* WHAT IS EXPECTED:
An acceptable answer repeats exactly the line containing "this 480×320 image." and all lines that follow it in the listing below, and it includes no pictures.

* EXERCISE INPUT:
--

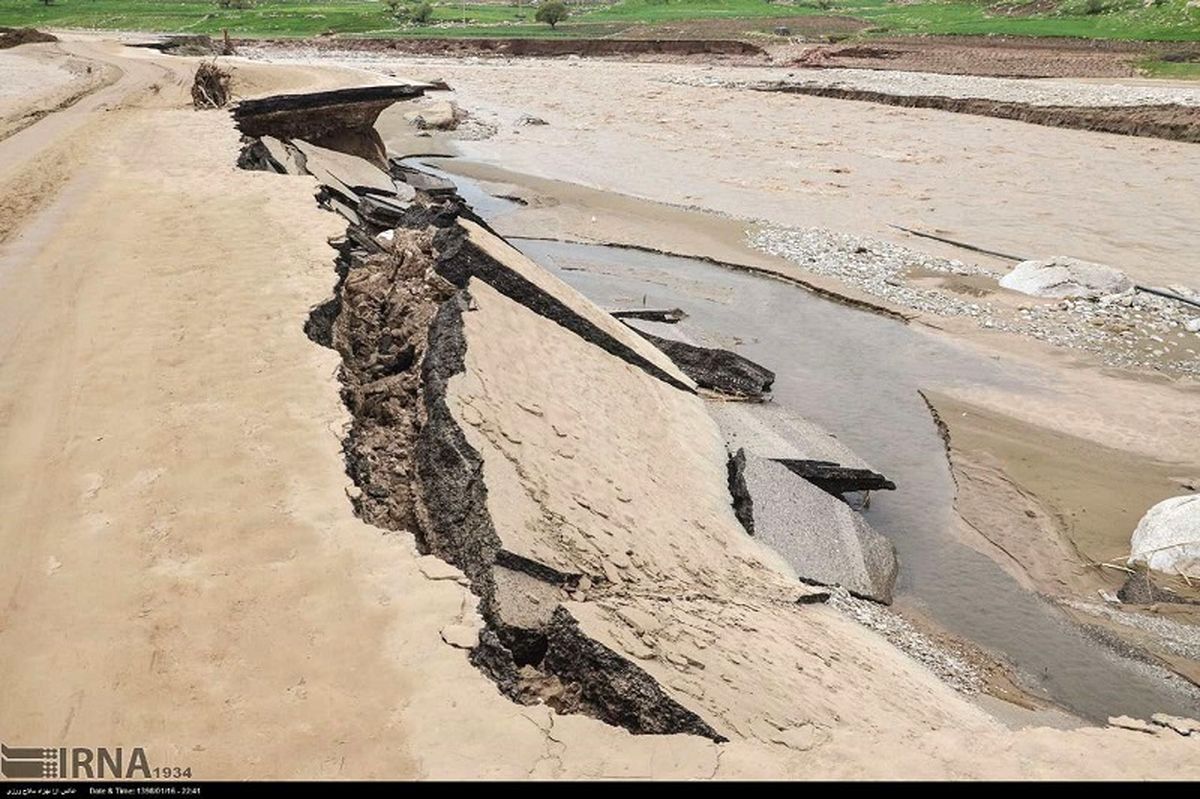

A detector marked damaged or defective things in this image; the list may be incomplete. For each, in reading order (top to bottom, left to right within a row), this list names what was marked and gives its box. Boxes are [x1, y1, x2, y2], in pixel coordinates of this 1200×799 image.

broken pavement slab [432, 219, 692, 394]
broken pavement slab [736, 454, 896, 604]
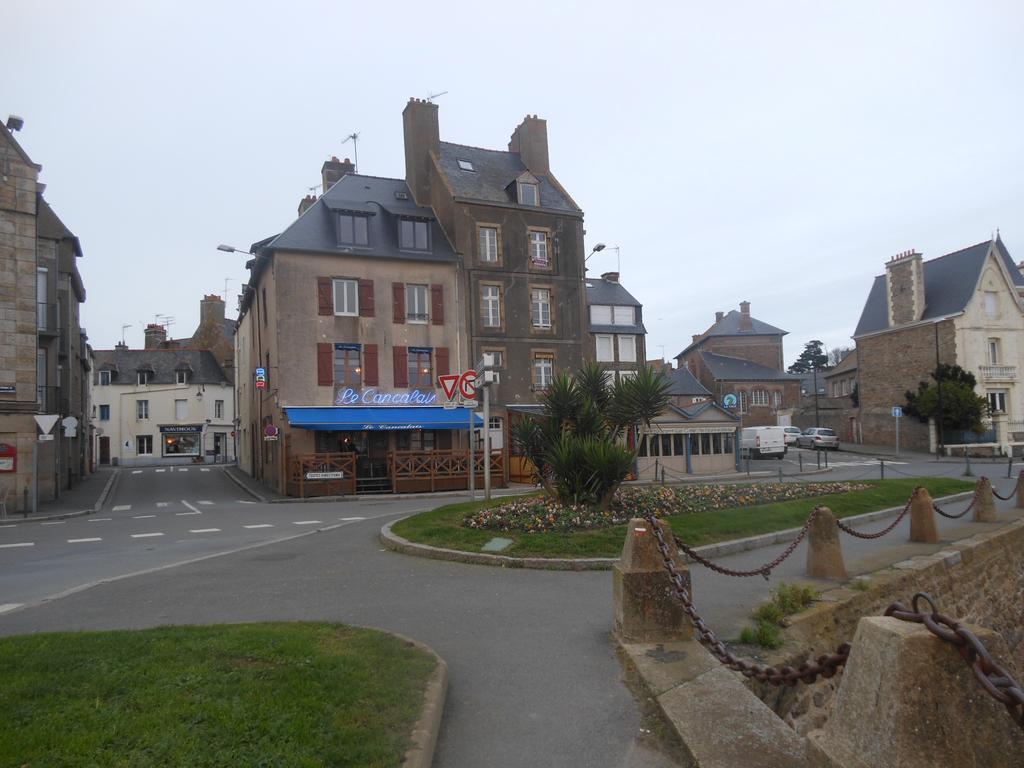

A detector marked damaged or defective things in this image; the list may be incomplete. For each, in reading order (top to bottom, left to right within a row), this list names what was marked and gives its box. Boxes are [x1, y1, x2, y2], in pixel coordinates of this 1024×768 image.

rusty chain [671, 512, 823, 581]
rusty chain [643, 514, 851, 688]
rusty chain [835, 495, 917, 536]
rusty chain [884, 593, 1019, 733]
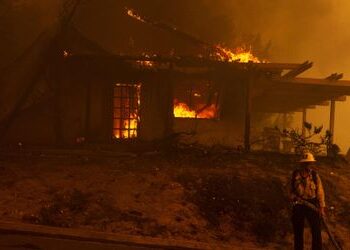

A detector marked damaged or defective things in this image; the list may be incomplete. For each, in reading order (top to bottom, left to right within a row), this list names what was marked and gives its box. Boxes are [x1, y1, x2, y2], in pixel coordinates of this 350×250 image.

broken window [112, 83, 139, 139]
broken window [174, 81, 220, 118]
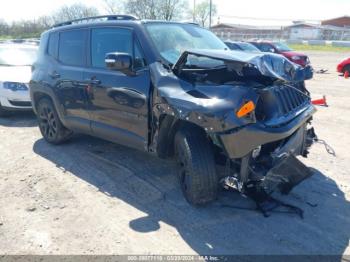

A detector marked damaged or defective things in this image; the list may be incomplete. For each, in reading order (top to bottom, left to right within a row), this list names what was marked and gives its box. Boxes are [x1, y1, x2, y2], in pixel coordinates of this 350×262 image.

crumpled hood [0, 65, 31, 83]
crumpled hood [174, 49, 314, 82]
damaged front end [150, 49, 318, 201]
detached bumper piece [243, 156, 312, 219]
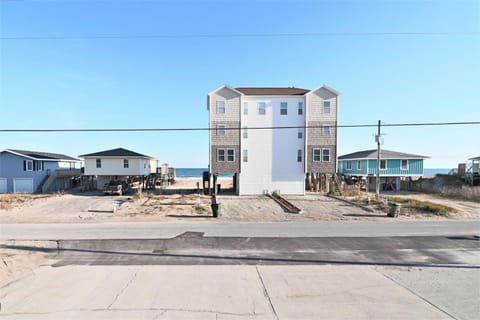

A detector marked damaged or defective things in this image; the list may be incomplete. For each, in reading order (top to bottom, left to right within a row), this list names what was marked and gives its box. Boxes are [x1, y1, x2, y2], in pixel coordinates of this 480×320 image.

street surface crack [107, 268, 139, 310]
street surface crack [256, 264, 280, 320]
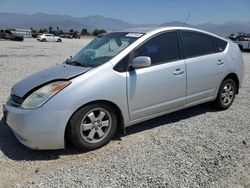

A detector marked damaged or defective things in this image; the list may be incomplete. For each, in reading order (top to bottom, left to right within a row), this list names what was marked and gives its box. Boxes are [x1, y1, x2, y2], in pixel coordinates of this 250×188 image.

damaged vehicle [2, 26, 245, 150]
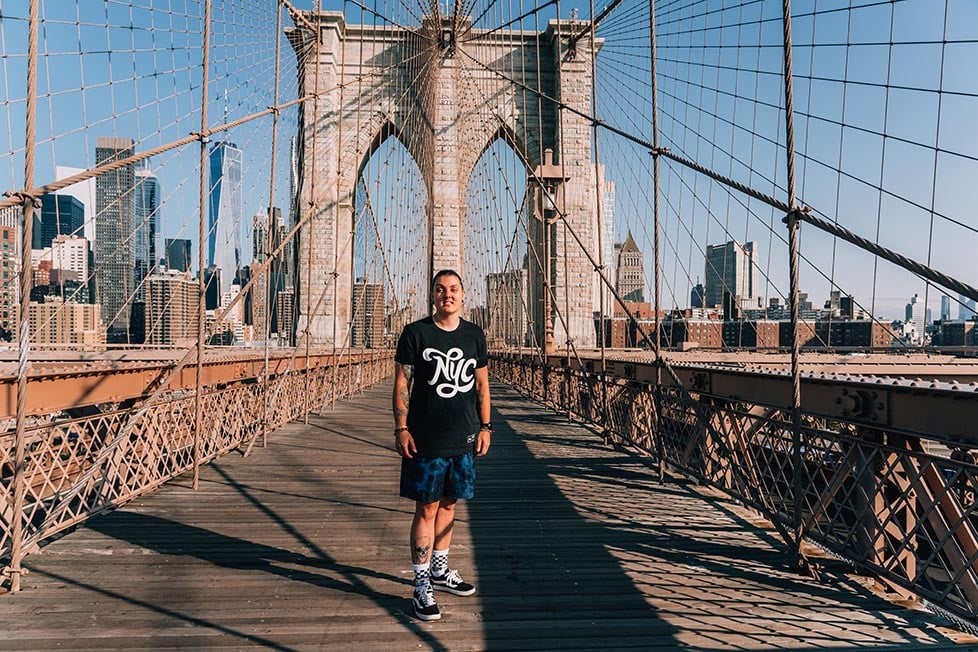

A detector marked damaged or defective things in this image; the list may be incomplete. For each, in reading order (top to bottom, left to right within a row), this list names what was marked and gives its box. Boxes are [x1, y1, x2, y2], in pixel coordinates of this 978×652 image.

--

* RESULT OF THIS EXERCISE:
A detector marked damaged or defective things in this image; the list may be incomplete. For each, in reading order (top to bottom, left to right within a row), this list names what was marked and gives its box. Boxes are [x1, y1, x2, y2], in pixel coordinates of this 480×320 image.

street surface crack [107, 268, 139, 310]
street surface crack [256, 264, 280, 320]

A detector marked damaged or defective things in this image; the list may be incomplete. For each, in reading order (top to bottom, left to right within a row), this list names what was marked and gives its box. Boxes are [x1, y1, x2, y2], in pixel coordinates of this 250×188 image.

damaged vehicle [2, 26, 245, 150]

A detector marked damaged or defective things in this image; the list may be incomplete. For each, in reading order (top to bottom, left to right within a row), this list names what was marked and gives its box. Boxes are [x1, y1, x2, y2], in pixel coordinates of this 978×652 image.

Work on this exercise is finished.